Manel Macario nunca ha tenido parte activa en nuestra profesión, aunque ha asesorado a muchos de los nuestros, pero el grado de confianza que mantenemos con él es grande y antiguo; además, se pasa media vida pegado a la radio, pues le divierten las noticias insólitas y la letra pequeña del mundo, lo que le tiene al tanto incluso de lo impensable, de manera que le referí la operación coloniense, a pesar de las protestas de tía Corina, que aseguraba que aquello iba a arruinarnos la velada, que hasta entonces discurría por el cauce de la frivolidad, tal vez la forma más civilizada de la alegría.

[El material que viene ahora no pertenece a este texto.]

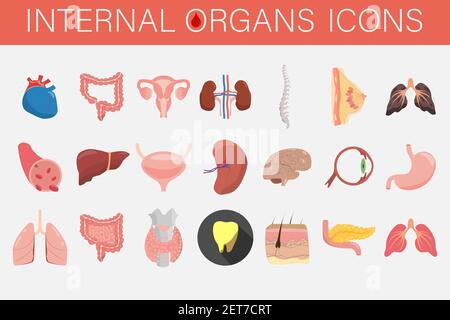 Set of icons of internal organs and parts of man. Stock Vector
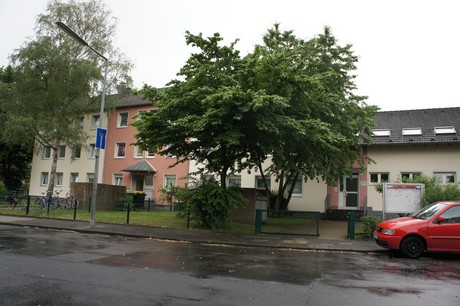 mauenheim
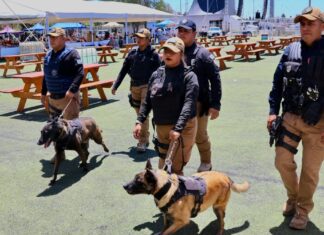 San Andrés Cholula reporta saldo blanco en el Festival Equinoccio 2026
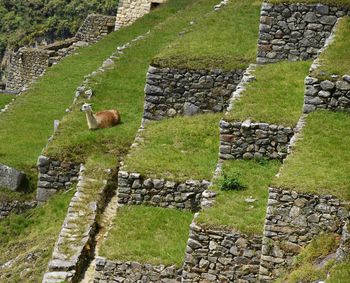 View of a stone wall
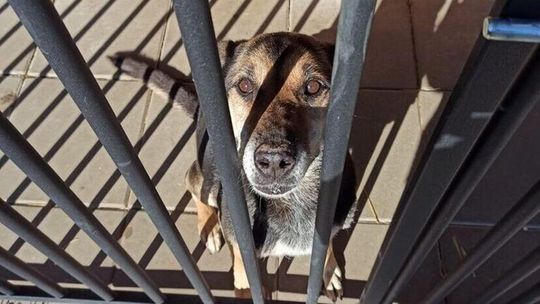 Wielka radość w schronisku dla zwierząt. To oni dostaną 1,3 mln zł z budżetu obywatelskiego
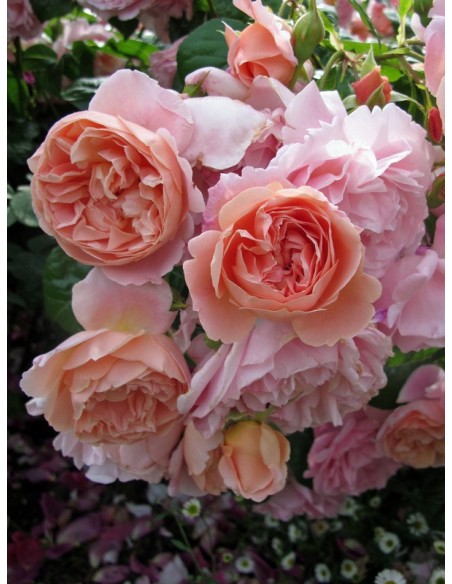 LEANDER róża angielska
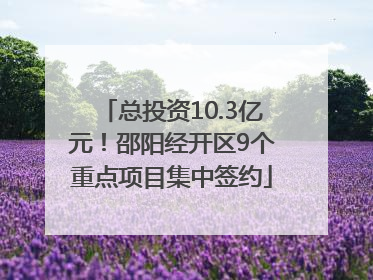 总投资10.3亿元！邵阳经开区9个重点项目集中签约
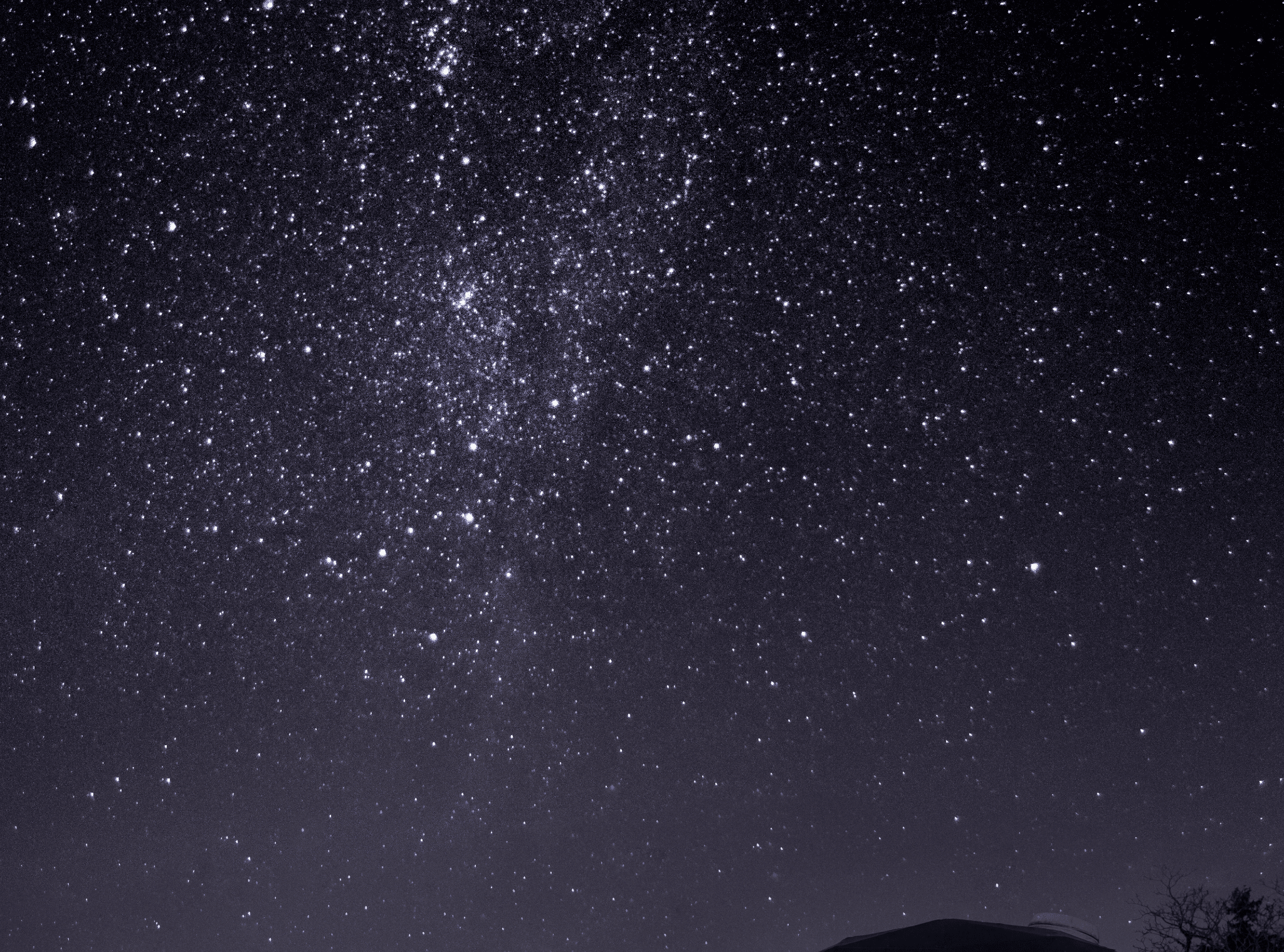 食・夜時間も春仕様。焚き火や星空で“締め”まで楽しめる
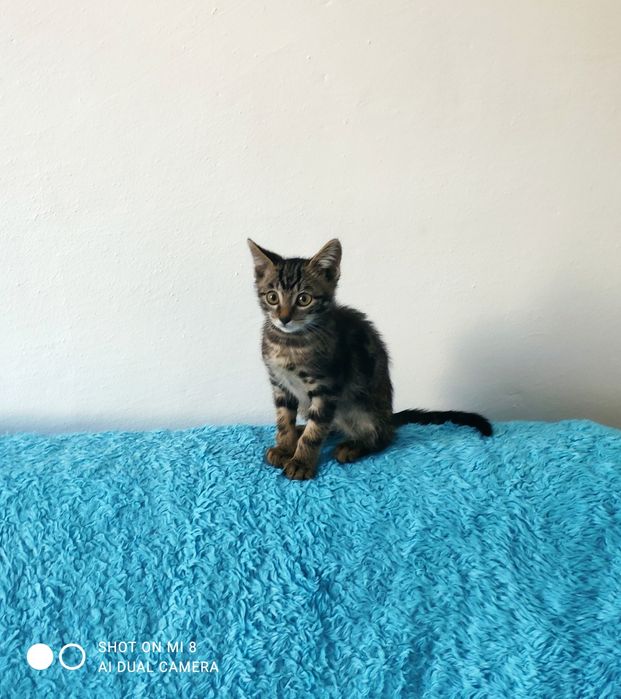 Отдается котенок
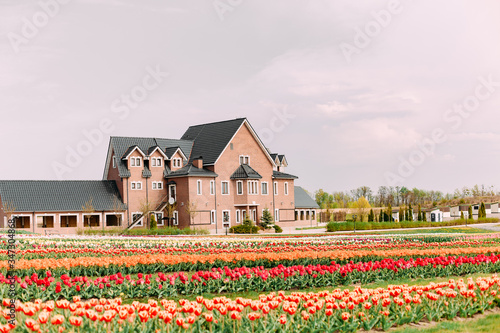 rows colorful tulips field and farm house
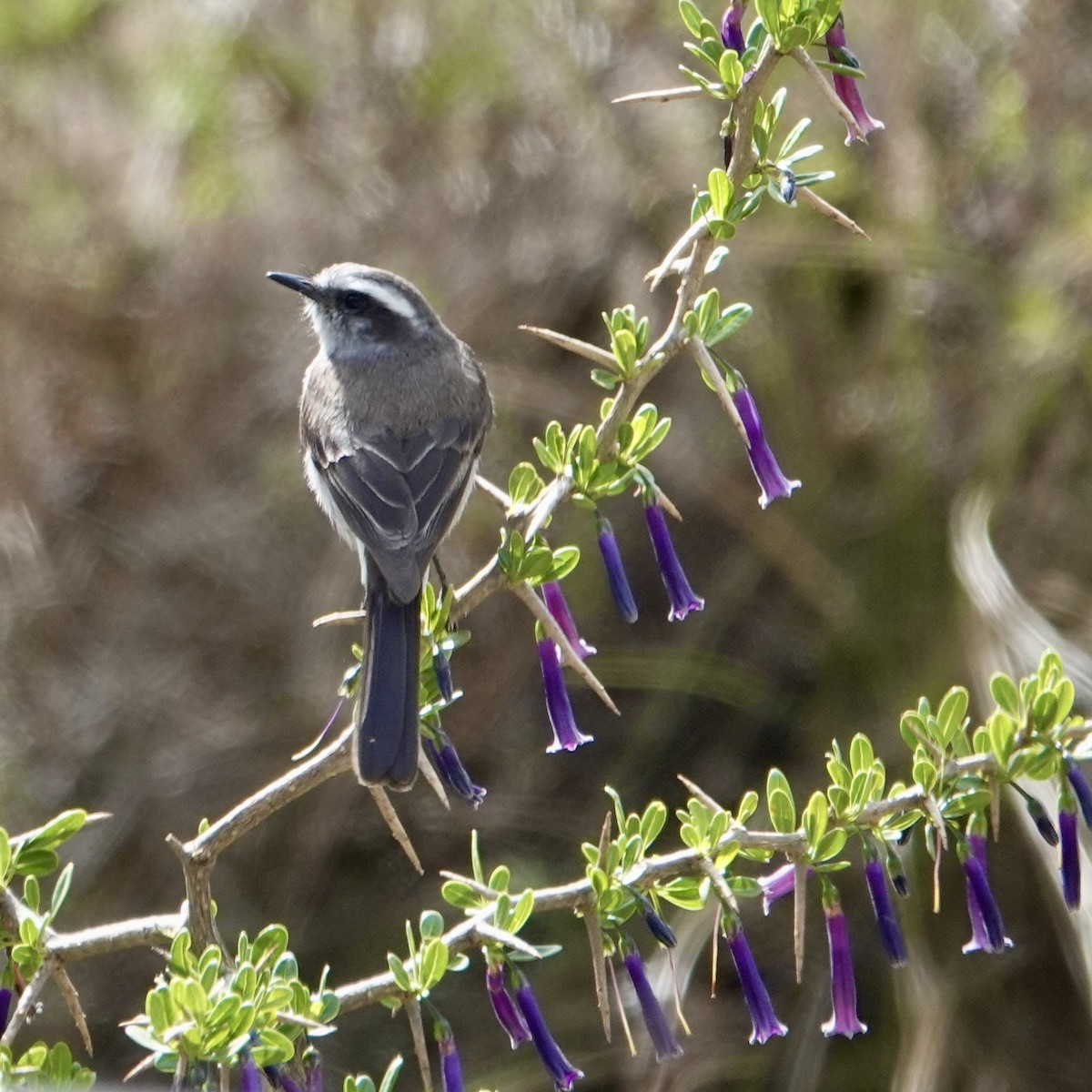 White-browed Chat-Tyrant - ML644833673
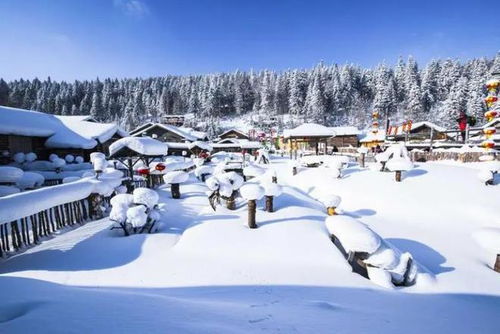 哈尔滨雪乡旅游必去景点 哈尔滨雪乡旅游攻略几月份去好 最佳攻略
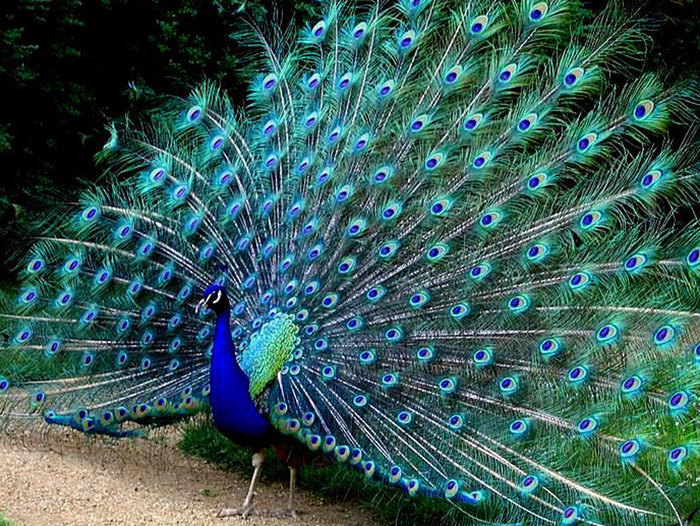 15837475621206988 для чего нужны щупальца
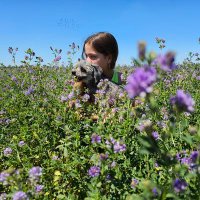 Clari (@clariavi) 's Twitter Profile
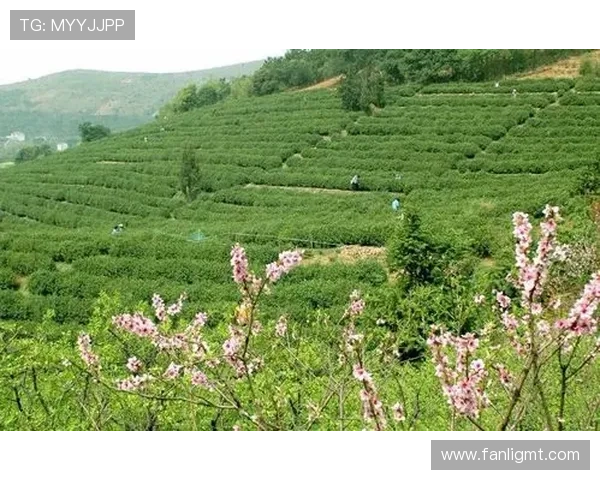 彩名杏子：舌尖上的绚烂，风味中的诗意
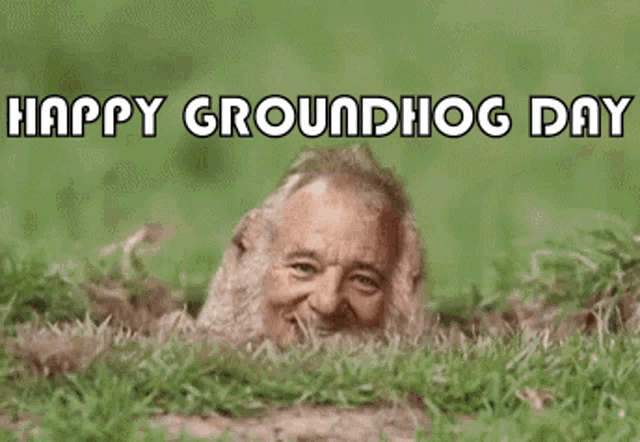 a picture of a groundhog with a man 's face on it .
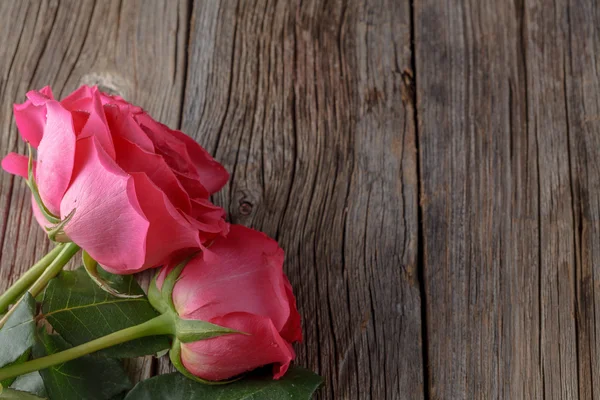 Tres rosas rosadas sobre mesa de madera — Foto de Stock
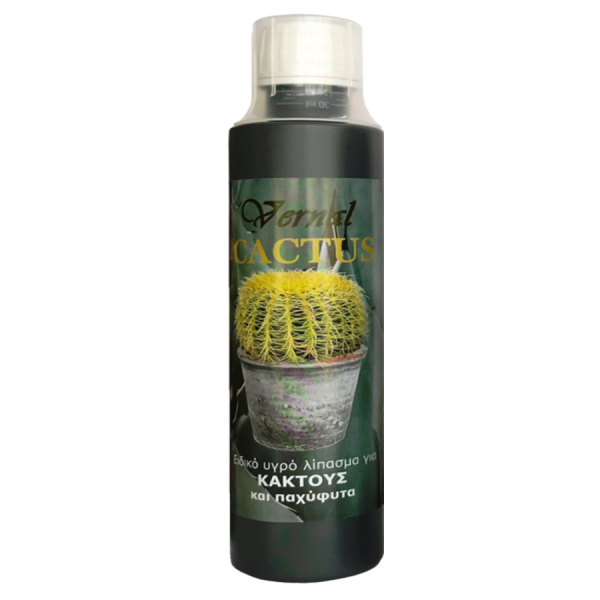 Vernal Cactus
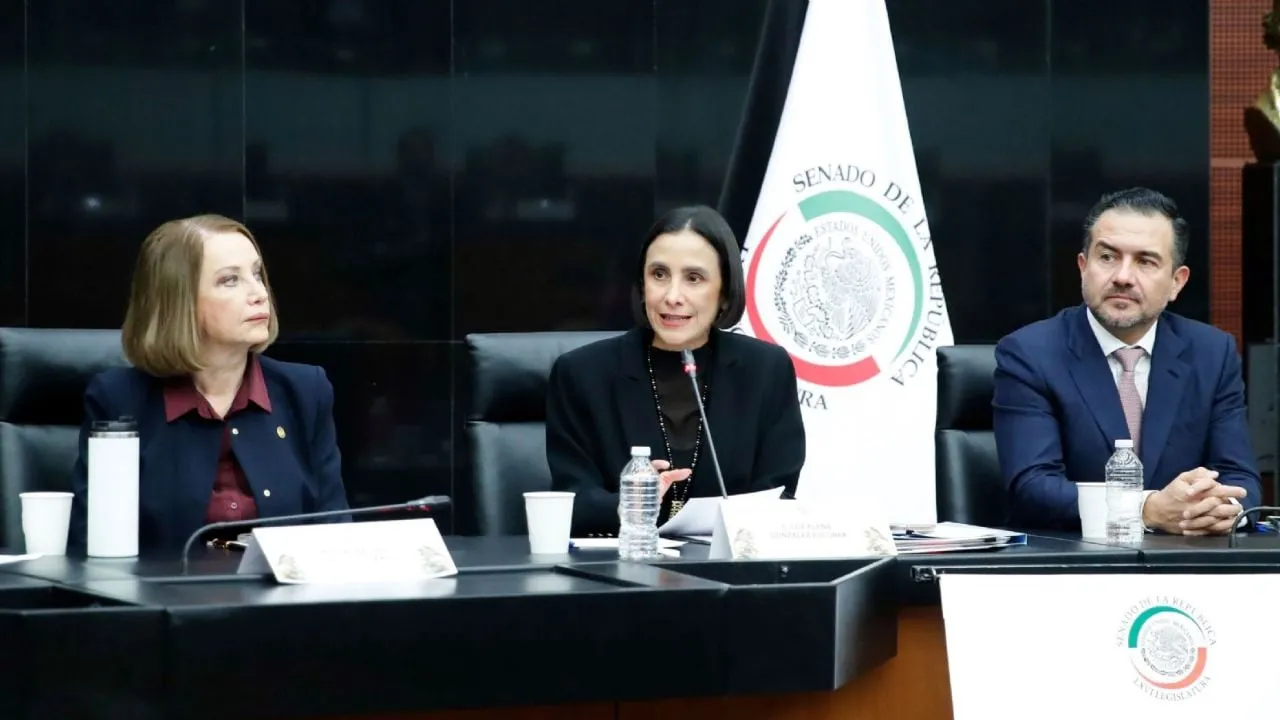 Sener afirma trabajar en el combate contra el huachicol y defiende modelo energético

El profesor frunció el ceño para activar su memoria y nos contó que, durante los bombardeos aliados sobre Colonia, tanto las reliquias como el relicario de los Reyes Magos fueron desalojados de la catedral, con tan mala suerte que, apenas recorrer diez kilómetros, quienes se encargaron del traslado -entre ellos un archidiácono y un capellán mayor- murieron al pisar una mina la furgoneta en que debían dirigirse a la ciudad de Kassel, en cuyo palacio de Wilhelmshöshe, convertido en museo, tendría que ser ocultada aquella mercancía venerable, según las instrucciones que recibieron del arzobispo coloniense, que era natural de aquella urbe y que había acordado el plan con el regidor del museo, pariente suyo.